Background: Childhood obesity continues to be a global health concern.¹ Health risks associated with childhood obesity include hypertension and orthopedic disorders, among others.² However, not all children with obesity present with obesity-associated health risks.³,⁴ These health risks are thought to be part of one’s obesity phenotype.⁵ Distinguishing among them may lead to better treatment and management strategies.⁶⁻⁸ For this reason, obesity without metabolic syndrome health risk factors (i.e., lowered HDL, elevated triglycerides, blood pressure, fasting glucose) is known as metabolically healthy obesity (MHO), and those with abnormal metabolic markers are classified as metabolically unhealthy obesity (MUO).⁵,⁹ Objectives: Using data from the CANadian Pediatric Weight-Management Registry (CANPWR), this thesis aims to (i) establish the prevalence of MHO in participants 6-17 years old at baseline and one-year follow-up; and (ii) explore which health behaviour factors (diet, physical activity, sedentary, and sleep behaviours) are associated with MHO status. Methods: This secondary analysis included participants (n = 387, 52.7% female; mean age: 12.8 ± 2.9 years). Questionnaires were used to capture all non-metabolic variables. T-tests and chi-square tests were used to analyze continuous and categorical variables. Anthropometrics and biochemical assessments occurred at CANPWR sites at baseline and 1-year.
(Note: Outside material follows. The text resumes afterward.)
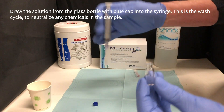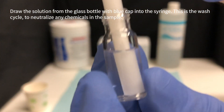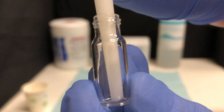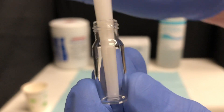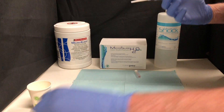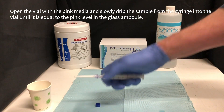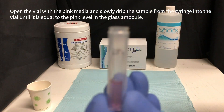Draw the solution from the glass bottle with the blue cap into the syringe. This is the wash cycle to neutralize any chemicals in the sample. Then open the vial with the pink media and slowly drip the sample from the syringe into the vial.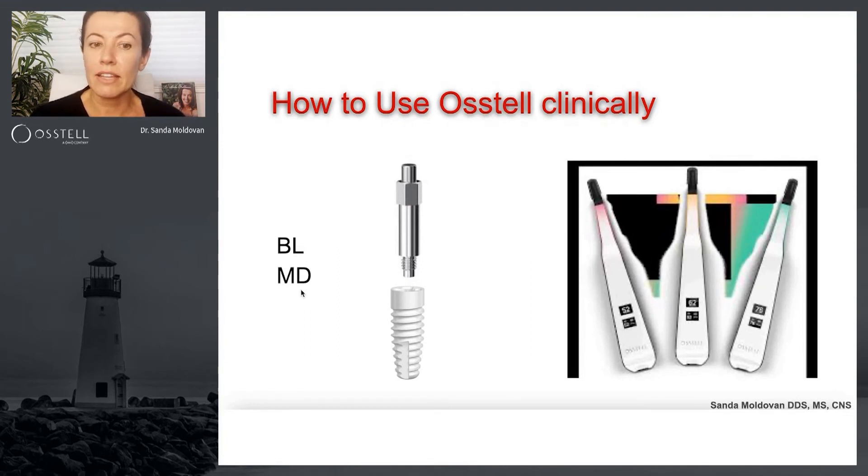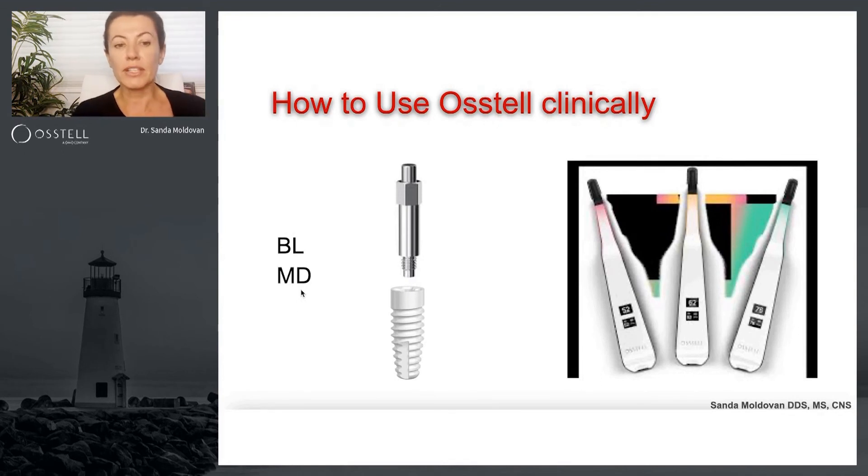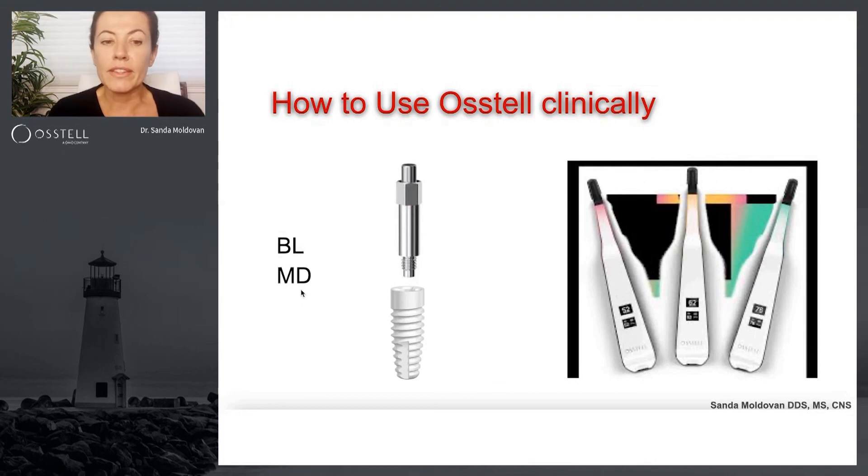Some of you might think that with ceramic implants you cannot measure the ISQ value — and this is one of the reasons for my lecture. I can tell you that we can predictably measure the ISQ value with two-piece ceramic dental implants, that is, two-piece screw-retained ceramic dental implants.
Results: At baseline, n = 135 (34.9%) of participants were classified as MHO; n = 254 (65.1%) were identified as MUO. At follow-up, a similar percentage were classified as MHO (34.4%) and MUO (65.6%). However, n = 108 (27.9%) participants who were MHO at baseline presented as MUO at follow-up. Reported lifestyle behaviours that significantly differed for MHO/MUO were inconsistent at baseline and follow-up (baseline: fruit juice intake, weekly screen time hours, computer/video game hours; follow-up: fruit, ice cream/frozen yogurt intake). A lower BMI z-score was associated with MHO at both baseline and follow-up. Conclusion: The overall prevalence of MHO and MUO was similar at baseline and follow-up. Further analyses revealed variables that predicated this switching of status. This study highlights the need for more research in assessing metabolic health of children who are referred to weight-management programs, as children can present with worsening of metabolic health status at follow-up.